Haechan berdiri dan menghampiri Ten, duduk bersimpuh di depannya. Kedua tangan Haechan meraih kedua tangan Ten lalu menggenggamnya, 
"Kita cuma punya satu sama lain, Mae bisa bergantung sama aku begitu pula sebaliknya." ibu jari Haechan mengusap punggung tangan Ten dengan lembut. 

"Maafin Mae, kamu pasti kecewa liat Mae kayak gini." 
"Siapa yang nggak kecewa dan sedih liat orang tuanya kerja kayak gitu demi anaknya?" Haechan sedikit berdiri kemudian menarik Ten ke dalam pelukannya,
"Maafin Mae." tangan Haechan terulur untuk mengusap kepala Ten yang kini menangis dalam pelukannya, perasaan Ten campur aduk antara takut, sedih, dan malu. 

"Aku gak marah sama Mae, aku cuma mau Mae jujur ke aku. Kalo butuh uang, nanti aku bantu cari ya. Pasti ada jalan, sekarang Mae undur diri dari sana ya? Nanti aku cariin kerjaan buat Mae yang cocok buat Mae." Haechan tersenyum, setidaknya ini belum terlalu terlambat, meskipun gosip di sekolah sudah menyebar tetapi dia kini bisa mengatakan kalau Mae tidak bekerja disitu. Ten menganggukkan kepala, kali ini dia akan menurut pada perkataan anaknya, demi anaknya sendiri. 

Setelah Ten lumayan tenang, Haechan pergi ke dapur untuk membuatkan teh manis untuk mereka berdua, belum banyak barang disini. 
"Dek." Ten yang selesai mengagumi interior apartemen mewah ini menghampiri Haechan di dapur, 
"Ini apartemen punya kamu?" pertanyaan ini adalah yang paling dihindari oleh Haechan, dia takut kalau menceritakan semuanya Ten akan marah padanya dan-

"Iya Mae." 
"Dapet darimana uang sebanyak ini? kamu nggak kerja dari sugar baby atau semacamnya kan?" Ten kali ini bertanya dengan nada khawatir, meskipun dia sendiri menjadi orang sewaan tapi bukan berarti anaknya boleh!

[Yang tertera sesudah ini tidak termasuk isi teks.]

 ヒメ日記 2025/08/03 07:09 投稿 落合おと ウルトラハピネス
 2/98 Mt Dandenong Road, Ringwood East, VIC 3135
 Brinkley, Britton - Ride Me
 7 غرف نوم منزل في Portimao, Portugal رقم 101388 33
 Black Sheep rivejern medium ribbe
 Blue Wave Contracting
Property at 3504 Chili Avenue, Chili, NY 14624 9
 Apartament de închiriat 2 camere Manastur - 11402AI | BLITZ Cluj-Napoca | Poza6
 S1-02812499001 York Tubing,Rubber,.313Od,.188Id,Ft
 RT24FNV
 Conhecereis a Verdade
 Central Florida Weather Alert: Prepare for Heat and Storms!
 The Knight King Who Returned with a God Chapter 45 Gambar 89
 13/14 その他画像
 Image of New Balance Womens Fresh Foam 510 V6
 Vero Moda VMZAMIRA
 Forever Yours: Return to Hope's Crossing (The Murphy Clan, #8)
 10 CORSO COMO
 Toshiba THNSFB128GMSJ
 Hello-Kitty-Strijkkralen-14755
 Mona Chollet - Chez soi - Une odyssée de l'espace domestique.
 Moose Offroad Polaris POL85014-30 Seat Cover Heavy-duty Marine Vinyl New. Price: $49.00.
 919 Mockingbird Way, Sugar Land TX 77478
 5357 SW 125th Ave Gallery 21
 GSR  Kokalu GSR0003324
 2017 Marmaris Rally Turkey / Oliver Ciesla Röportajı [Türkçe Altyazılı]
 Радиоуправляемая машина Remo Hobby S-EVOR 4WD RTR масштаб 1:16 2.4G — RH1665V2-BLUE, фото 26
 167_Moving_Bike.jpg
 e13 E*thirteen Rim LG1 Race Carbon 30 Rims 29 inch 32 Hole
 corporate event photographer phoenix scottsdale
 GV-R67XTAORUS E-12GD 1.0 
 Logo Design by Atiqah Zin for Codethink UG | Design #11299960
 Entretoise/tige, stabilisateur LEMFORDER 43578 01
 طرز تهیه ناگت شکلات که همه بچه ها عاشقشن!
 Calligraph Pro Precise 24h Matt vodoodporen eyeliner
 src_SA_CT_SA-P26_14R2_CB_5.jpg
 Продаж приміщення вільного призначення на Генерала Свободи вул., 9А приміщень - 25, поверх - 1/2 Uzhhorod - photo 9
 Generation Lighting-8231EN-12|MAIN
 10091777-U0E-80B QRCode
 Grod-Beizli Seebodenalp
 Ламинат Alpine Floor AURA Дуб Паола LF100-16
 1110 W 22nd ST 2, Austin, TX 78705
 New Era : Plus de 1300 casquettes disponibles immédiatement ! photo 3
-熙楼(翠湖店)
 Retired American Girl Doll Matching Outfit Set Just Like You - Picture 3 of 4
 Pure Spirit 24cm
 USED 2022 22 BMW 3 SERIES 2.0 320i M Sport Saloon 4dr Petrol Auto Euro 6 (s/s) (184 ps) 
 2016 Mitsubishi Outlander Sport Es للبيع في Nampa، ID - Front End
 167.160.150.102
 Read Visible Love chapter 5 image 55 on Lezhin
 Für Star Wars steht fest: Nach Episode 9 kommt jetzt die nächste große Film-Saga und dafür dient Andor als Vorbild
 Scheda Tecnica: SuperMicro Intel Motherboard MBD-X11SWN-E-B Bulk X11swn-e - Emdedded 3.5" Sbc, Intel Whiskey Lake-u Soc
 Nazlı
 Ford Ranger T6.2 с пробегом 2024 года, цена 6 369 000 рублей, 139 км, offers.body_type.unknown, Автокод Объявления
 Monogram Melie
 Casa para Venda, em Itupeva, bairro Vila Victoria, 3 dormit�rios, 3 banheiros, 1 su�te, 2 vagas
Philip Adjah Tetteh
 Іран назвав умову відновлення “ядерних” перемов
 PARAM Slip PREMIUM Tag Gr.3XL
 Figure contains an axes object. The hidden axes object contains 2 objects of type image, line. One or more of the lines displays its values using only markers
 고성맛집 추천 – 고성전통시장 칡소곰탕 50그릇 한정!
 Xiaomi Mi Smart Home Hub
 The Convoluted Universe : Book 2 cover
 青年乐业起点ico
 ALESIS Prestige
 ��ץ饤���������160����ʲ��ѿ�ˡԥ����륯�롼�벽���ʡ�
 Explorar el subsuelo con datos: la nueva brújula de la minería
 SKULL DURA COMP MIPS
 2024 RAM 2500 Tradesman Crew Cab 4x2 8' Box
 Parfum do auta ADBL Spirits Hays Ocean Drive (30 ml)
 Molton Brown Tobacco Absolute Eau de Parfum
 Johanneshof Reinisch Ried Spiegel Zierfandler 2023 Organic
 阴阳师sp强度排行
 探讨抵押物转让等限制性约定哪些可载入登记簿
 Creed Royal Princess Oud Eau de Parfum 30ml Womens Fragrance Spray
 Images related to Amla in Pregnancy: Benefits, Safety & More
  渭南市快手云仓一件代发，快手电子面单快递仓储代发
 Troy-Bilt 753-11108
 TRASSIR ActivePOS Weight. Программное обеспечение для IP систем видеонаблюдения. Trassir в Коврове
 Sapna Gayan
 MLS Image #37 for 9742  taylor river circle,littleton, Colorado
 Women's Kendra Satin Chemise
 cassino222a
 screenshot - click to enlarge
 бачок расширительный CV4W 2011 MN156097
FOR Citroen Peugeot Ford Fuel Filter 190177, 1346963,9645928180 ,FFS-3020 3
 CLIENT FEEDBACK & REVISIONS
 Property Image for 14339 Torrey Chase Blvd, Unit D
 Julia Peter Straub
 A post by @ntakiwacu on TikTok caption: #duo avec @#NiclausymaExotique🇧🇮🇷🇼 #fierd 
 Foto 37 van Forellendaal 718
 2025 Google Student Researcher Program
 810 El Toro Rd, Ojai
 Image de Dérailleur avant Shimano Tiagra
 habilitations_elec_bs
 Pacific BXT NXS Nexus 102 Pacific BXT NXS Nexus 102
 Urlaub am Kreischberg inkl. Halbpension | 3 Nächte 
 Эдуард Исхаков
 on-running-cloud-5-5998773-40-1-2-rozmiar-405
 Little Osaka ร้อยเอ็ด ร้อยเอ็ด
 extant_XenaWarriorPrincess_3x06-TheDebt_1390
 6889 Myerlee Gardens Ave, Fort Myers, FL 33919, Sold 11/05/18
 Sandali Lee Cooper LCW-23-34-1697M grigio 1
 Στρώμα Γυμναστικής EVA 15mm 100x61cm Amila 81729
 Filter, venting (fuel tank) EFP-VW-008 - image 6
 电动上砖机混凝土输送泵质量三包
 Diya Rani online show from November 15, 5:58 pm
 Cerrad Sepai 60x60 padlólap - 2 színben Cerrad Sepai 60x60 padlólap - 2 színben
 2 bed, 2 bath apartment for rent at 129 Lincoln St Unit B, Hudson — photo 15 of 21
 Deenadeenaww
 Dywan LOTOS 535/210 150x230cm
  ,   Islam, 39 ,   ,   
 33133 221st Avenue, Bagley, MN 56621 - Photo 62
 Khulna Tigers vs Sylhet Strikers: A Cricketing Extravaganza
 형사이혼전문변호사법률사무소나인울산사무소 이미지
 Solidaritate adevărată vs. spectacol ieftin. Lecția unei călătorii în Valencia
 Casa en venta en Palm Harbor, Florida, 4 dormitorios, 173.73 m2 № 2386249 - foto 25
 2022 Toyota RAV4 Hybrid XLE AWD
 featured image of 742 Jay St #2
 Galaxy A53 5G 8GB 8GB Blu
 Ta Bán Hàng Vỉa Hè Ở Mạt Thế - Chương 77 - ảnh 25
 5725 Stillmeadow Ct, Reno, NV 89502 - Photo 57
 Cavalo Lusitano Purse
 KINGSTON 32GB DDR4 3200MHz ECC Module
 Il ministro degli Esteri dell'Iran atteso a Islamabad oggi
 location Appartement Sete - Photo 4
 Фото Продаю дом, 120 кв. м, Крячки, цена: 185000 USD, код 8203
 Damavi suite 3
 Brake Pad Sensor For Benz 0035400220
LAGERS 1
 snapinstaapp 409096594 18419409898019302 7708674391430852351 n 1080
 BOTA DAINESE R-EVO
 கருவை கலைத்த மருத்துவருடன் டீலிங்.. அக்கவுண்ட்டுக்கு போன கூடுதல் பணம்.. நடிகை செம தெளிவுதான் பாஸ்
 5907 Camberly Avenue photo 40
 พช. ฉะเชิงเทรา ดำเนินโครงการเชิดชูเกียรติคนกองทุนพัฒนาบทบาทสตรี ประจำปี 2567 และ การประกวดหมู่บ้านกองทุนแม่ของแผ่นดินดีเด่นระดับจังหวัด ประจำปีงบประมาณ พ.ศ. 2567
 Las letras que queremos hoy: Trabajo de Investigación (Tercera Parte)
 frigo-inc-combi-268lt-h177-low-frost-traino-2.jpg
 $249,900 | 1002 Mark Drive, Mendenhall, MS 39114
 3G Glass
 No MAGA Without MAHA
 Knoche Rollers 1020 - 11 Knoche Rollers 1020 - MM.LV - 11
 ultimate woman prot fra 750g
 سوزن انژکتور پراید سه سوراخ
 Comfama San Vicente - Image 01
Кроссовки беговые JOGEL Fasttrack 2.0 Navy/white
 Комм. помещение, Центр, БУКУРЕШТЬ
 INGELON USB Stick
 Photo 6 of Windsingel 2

Haechan tertawa, "Nggak Mae, ini punya aku. Ada surat-suratnya kalo Mae mau liat." Haechan membawa dua cangkir teh manis ke meja pantry dimana Ten sudah duduk disana. 
"Terus dari siapa?" tanya Ten, Haechan mengambil nafas sebelum menjawab, dia memerlukan sedikit keberanian. 
"Ayah." suara Haechan mengecil namun Ten masih bisa mendengarnya dengan jelas kalau Haechan menjawab 'Ayah'. 

Keduanya terdiam selama beberapa waktu sebelum Ten tersenyum dan mengusap kepala Haechan, 
"Dia baik ya? nggak ngapa-ngapain kamu kan?" tanya Ten. 

"Baik kok Ma." 

Cuma dijodohin aja yang bikin nggak enak.

"Mae nggak marah?" Haechan bertanya, ia menatap Ten yang masih tersenyum. "Nggak Mae nggak marah kok." jawabnya.